◆ **Requirement**:
Pictures must be dropped from the copy of the entries below; all else is returned exactly.

◆ **Raw data**:
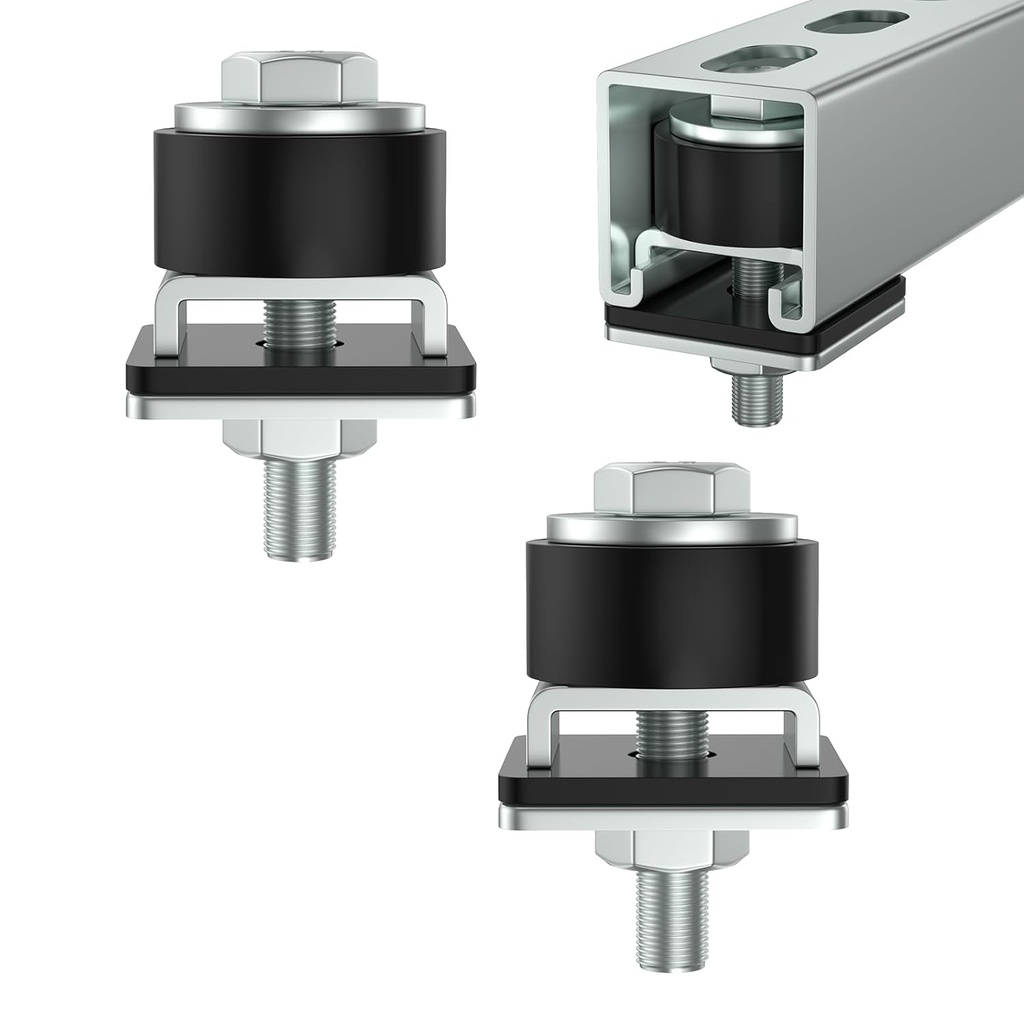 SKTREX Anti-Skid designTrolley Roller Wheels Limit Trolley Assembly Positioning for Unistrut Strut Channel with 1-5/8" Wide and All 1-5/8" or Taller Strut Channel Pack of 2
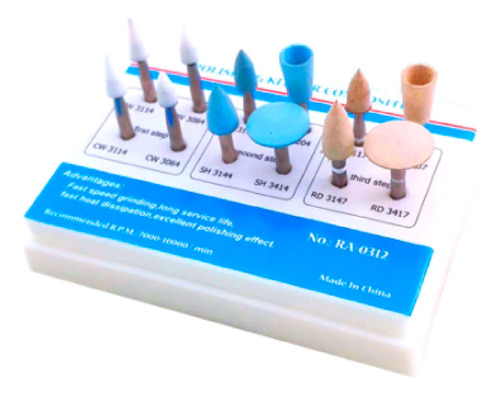 Kit Pulido Composite Dochem X12 Pulidores Odontologia Dental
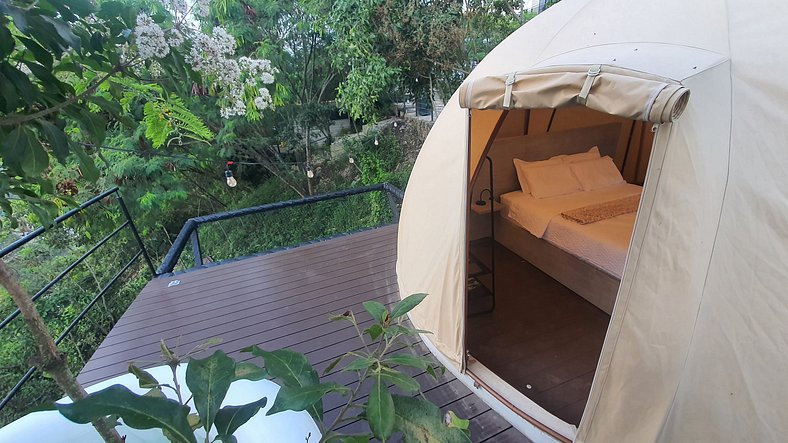 Glamping romantico en Vista Hermosa disfruta de la naturalez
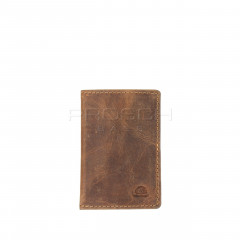 Kožené pouzdro na karty Greenburry 1592-25 hnědé č.1
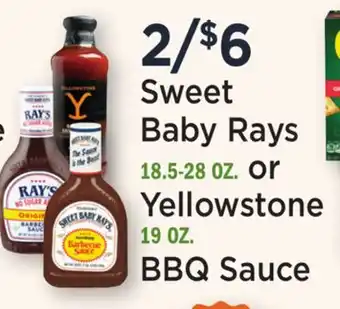 Heinen's Sweet Baby Rays 18.5-28 OZ. or Yellowstone 19 OZ. BBQ Sauce offer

◆ **Written solution**:
 SKTREX Anti-Skid designTrolley Roller Wheels Limit Trolley Assembly Positioning for Unistrut Strut Channel with 1-5/8" Wide and All 1-5/8" or Taller Strut Channel Pack of 2
 Kit Pulido Composite Dochem X12 Pulidores Odontologia Dental
 Glamping romantico en Vista Hermosa disfruta de la naturalez
 Kožené pouzdro na karty Greenburry 1592-25 hnědé č.1
 Heinen's Sweet Baby Rays 18.5-28 OZ. or Yellowstone 19 OZ. BBQ Sauce offer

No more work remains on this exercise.